◆ Work request:
In the records below, begin at the line that has "Ladies Black and" and stop after the line that has "Andrew Lawrence &"; quote those lines verbatim and nothing more.

◆ Records provided:
* * * * * * * * *
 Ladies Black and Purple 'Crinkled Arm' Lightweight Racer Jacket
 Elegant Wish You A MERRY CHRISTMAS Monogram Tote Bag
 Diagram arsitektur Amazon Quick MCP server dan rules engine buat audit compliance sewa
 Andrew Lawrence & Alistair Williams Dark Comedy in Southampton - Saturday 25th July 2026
* * * * * * * * *
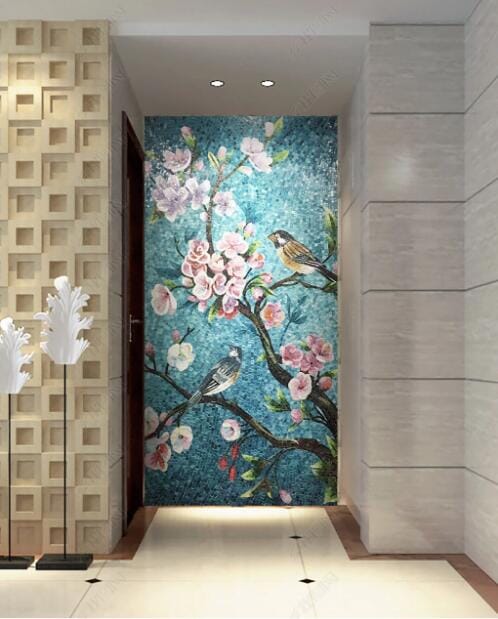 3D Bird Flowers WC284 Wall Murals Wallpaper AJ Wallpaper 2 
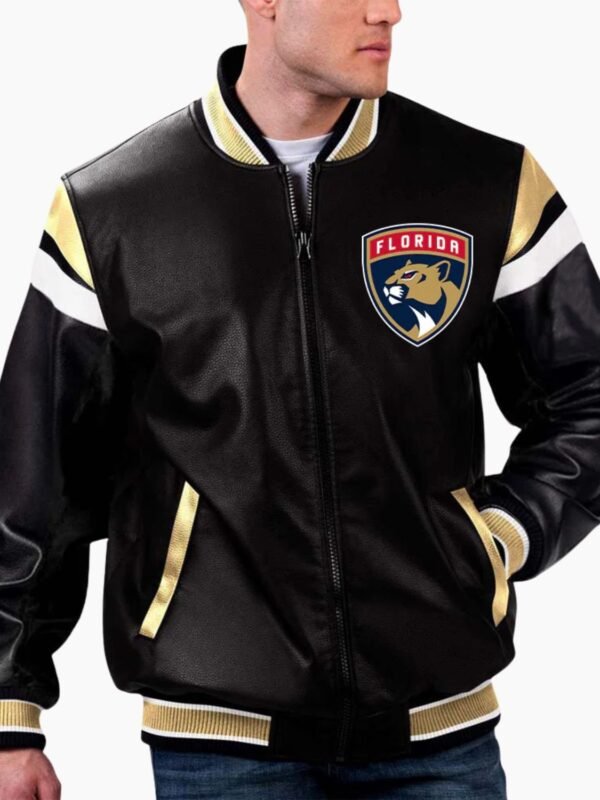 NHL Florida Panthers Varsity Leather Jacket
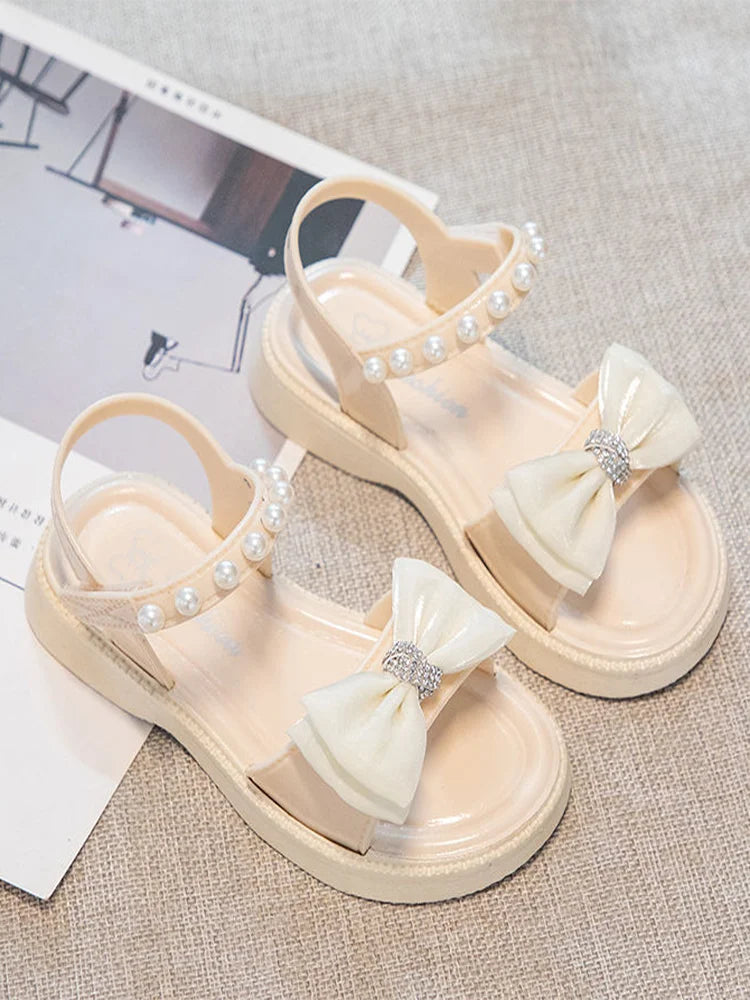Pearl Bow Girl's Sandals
* * * * * * * * *
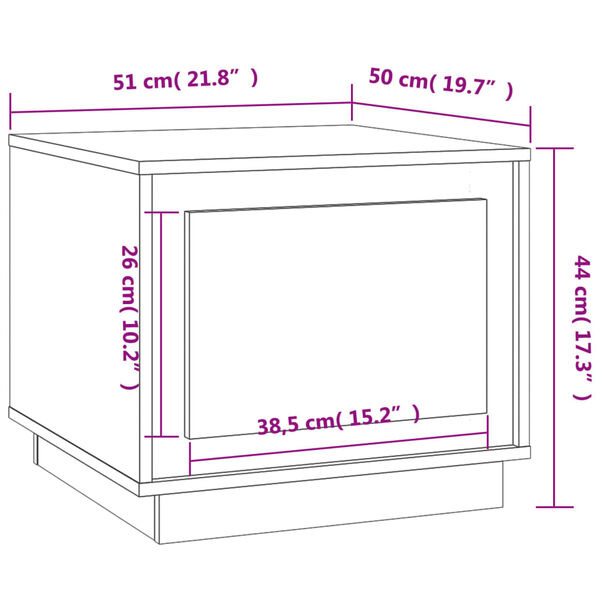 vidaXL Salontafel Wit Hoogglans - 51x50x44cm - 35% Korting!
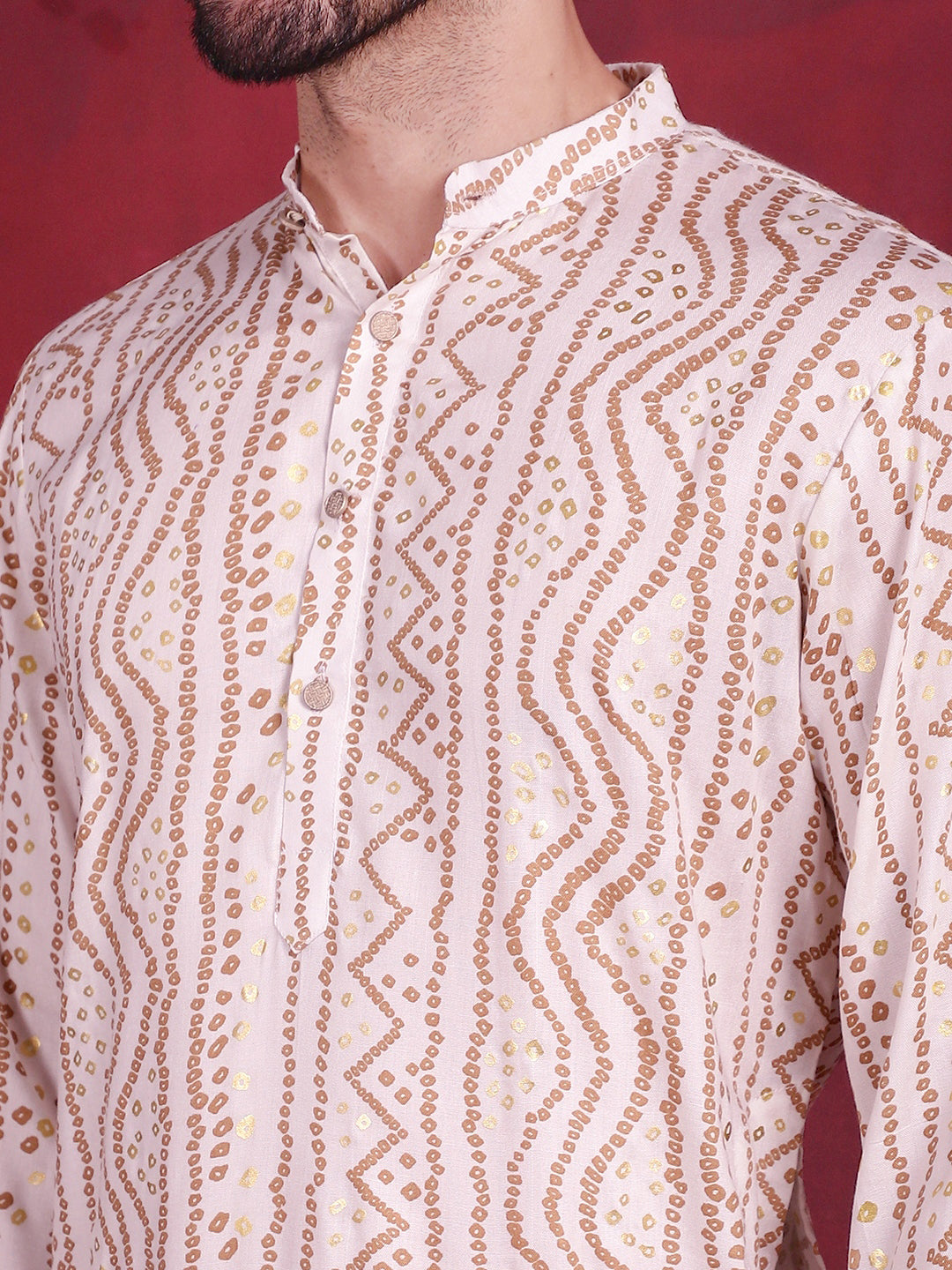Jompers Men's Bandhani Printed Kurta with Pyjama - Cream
* * * * * * * * *
◆ Answer for the task:
 Ladies Black and Purple 'Crinkled Arm' Lightweight Racer Jacket
 Elegant Wish You A MERRY CHRISTMAS Monogram Tote Bag
 Diagram arsitektur Amazon Quick MCP server dan rules engine buat audit compliance sewa
 Andrew Lawrence & Alistair Williams Dark Comedy in Southampton - Saturday 25th July 2026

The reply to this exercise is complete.